> _Problem requirements_
In the data below, one line contains "Castle moat and exterior walls" and a later one contains "Plug Botão Quadrado". Print both, with every line between them, exactly and alone.

Short text fragments from websites:
━━━━

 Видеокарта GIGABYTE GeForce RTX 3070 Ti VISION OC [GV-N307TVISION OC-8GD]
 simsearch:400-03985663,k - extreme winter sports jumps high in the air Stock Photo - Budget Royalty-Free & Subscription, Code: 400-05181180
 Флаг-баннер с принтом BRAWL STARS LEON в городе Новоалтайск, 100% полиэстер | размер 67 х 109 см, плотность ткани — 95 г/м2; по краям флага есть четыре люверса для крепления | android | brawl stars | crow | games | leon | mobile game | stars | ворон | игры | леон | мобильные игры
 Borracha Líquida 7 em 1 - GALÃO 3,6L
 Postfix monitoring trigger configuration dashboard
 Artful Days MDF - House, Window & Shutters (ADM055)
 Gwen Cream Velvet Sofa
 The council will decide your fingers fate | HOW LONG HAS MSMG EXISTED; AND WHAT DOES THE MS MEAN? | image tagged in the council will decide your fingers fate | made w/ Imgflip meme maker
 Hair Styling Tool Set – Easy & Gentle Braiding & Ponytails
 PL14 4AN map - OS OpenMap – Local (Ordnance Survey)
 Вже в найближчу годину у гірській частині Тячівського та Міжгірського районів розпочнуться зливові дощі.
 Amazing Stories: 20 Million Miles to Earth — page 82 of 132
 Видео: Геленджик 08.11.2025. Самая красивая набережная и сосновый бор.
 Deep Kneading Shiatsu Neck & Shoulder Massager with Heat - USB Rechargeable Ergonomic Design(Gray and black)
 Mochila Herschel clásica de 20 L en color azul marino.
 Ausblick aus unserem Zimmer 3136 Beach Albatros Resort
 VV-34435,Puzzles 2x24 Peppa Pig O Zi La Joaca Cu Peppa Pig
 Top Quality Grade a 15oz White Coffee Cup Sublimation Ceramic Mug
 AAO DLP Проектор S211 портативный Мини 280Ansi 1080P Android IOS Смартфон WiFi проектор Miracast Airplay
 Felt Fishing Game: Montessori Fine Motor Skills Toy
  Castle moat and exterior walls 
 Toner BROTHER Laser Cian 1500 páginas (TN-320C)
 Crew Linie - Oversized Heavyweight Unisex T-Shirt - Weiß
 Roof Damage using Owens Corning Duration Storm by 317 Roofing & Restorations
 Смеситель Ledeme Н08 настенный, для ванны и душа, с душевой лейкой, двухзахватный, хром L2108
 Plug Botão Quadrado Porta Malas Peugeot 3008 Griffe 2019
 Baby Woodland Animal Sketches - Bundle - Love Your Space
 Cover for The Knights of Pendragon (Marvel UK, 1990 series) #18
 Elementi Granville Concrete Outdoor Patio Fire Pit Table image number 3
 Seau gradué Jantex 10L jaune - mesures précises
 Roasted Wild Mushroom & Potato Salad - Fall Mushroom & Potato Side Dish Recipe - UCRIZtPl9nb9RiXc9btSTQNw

━━━━

> _Answer for this exercise_
  Castle moat and exterior walls 
 Toner BROTHER Laser Cian 1500 páginas (TN-320C)
 Crew Linie - Oversized Heavyweight Unisex T-Shirt - Weiß
 Roof Damage using Owens Corning Duration Storm by 317 Roofing & Restorations
 Смеситель Ledeme Н08 настенный, для ванны и душа, с душевой лейкой, двухзахватный, хром L2108
 Plug Botão Quadrado Porta Malas Peugeot 3008 Griffe 2019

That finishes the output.